1) Expertise and qualifications

DPOs must have a wide range of cross-functional knowledge and skills, such as: 

  • Expertise in data privacy/protection law

  • Knowledge of business strategy

  • Experience with training and cultural awareness campaigns

  • Ability to represent the company to the public and regulators

Few individuals embody all these requirements, and those that do are likely high-level managers with many oversight responsibilities and insufficient capacity to implement and manage an additional compliance initiative. 

But contracting with a DPOaaS provider guarantees the cross-functional support your company needs to have an effective privacy program. 

  • External DPOs are full-time privacy experts who have and maintain privacy-specific certifications and recognitions, such as the prestigious Fellow of Information Privacy (FIP) designation. 

  • An external DPO has experience creating and running privacy programs and benefits from best practices learned by advising multiple clients. 

  • DPOaaS contracts include a full support team made up of attorneys, corporate trainers, forensics examiners, or other privacy professionals who provide the broad expertise required for success.

2) Independence and conflicts of interest

Per the GDPR, the DPO must operate in an “independent manner,” “free from conflicts of interest.” 

EU regulators take this independence requirement seriously and can construe it narrowly. For example, one regulator determined that a company demonstrated a “high degree of negligence” by appointing its “head of compliance, audit, and risk” as DPO because that employee was not sufficiently independent.

Let that sink in: The regulator said the head of internal audit was not independent enough to be DPO.

External DPOs are clearly independent and free of conflicts of interest internal to the company because they are objective third parties, akin to auditors, outside counsel, or business consultants.

Let that sink in: The regulator said the head of internal audit was not independent enough to be DPO.

3) Cost

Internal DPOs are expensive due to basic supply and demand.

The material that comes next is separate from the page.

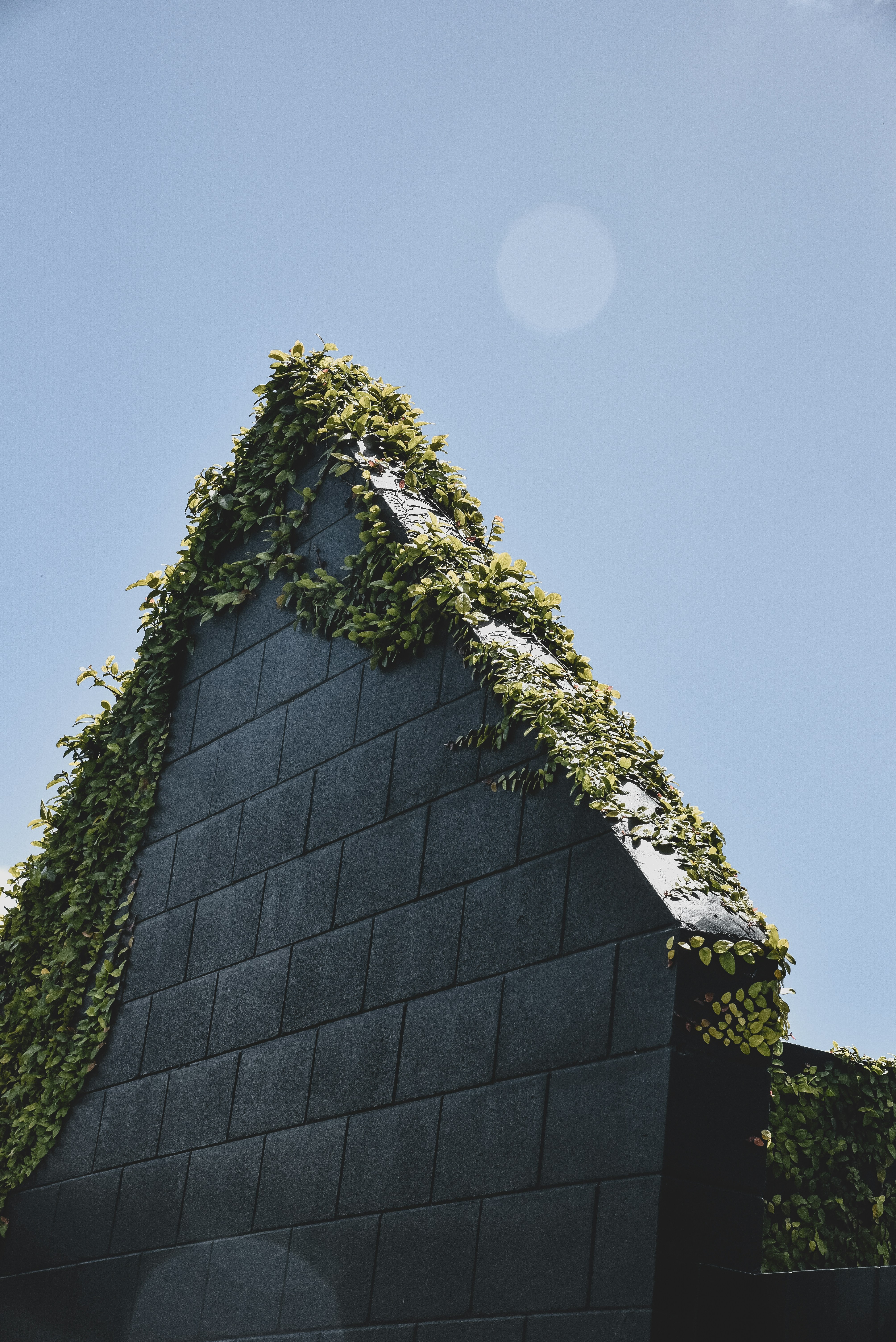 Black Brick House Under Blue Sky During Daytime Photo Free Plant Image On Unsplash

There is a limited number of qualified DPOs, but to date, over 500,000 companies have registered DPOs with European regulators. 

The average DPO salary is $100,000. But to calculate the full cost of having a DPO, a business must consider not only salary but also its obligations to support the DPO by expensing continuing training and providing adequate support staff. This creates fixed long-term costs for the company.

An External DPO’s service contract can be customized to meet the business need and thereby save money.

  • For example, the service contract may provide for a few fixed hours of service per month but still allow for additional hours for significant projects.

  • DPOaaS providers can reduce costs and improve deliverable quality through delegation and specialization of the team members.

Conclusion: Consider DPO outsourcing to meet compliance obligations and minimize overall spend. 

Some companies have the capacity, resources, and need to hire a well-qualified DPO. For many companies, however, the internal privacy-staffing options would result only in an underqualified, understaffed DPO or exceeding company budgets to hire a fully compliant privacy department. 

Fortunately, DPOaaS provides a cost-efficient method for staffing a privacy program with experts in their fields.